In a response to questions about what the Del Cerro Action Council is, how long it has been operating, and what they accomplished, the following information is provided:
The Del Cerro Action Council (DCAC) was stablished in 1999 when several mothers were tired of speeding cars on Madra Avenue and wanted to have a forum to share ideas and connect with the City of San Diego and other agencies on how to improve the quality of Del Cerro.
They established the purpose of DCAC to increase the cohesion of the Del Cerro Community by promoting and providing its civic, cultural, social, educational and recreational development and improvement, to serve as a clearinghouse to the community, City of San Diego and county and state agencies, as appropriate and to provide leadership to guide the community.
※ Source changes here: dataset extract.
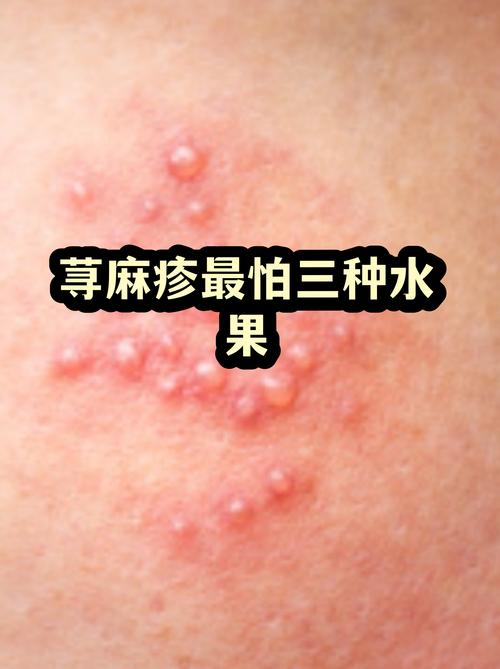 龟头敏感高?冷水摩擦刺激物惹的祸!(龟敏最怕的三个东西) 龟头敏感高?冷水摩擦刺激物惹的祸!(龟敏最怕的三个东西)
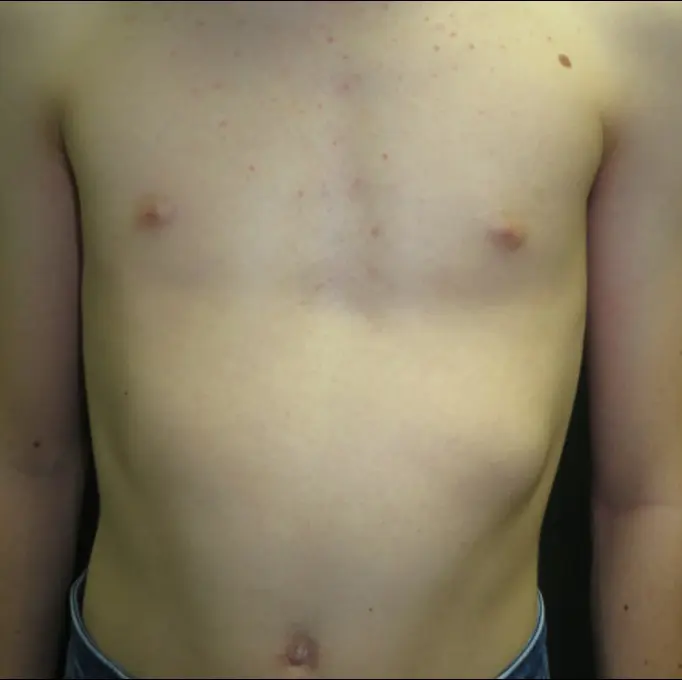 Before — case 21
Since then a few of DCAC’s accomplishments:
- Worked with the city to put in stop signs at Madra and Crystalaire and other locations.
- White lines on Del Cerro Boulevard and other streets to help reduce speeding in the neighborhood.
- Worked with Council member Jim Madaffer to secure some funding from the City to help upgrade the playground in the Princess Del Cerro Park. DCAC spearheaded a community fundraising drive to add to the funding from the city. This included selling memorial bricks which are in front of the playground.
- DCAC organized and assisted in community clean-ups on Del Cerro Boulevard, Navajo Canyon and Adobe Falls.
- Worked directly with Council member Jim Madaffer to for a new “Welcome to Del Cerro” community sign which is located on the College Avenue median just north of I-8. The sign design was approved by the city and then implemented by Council member Madaffer throughout other District 7 communities.
- Worked with SDSU to install no trespassing signs for Adobe Falls.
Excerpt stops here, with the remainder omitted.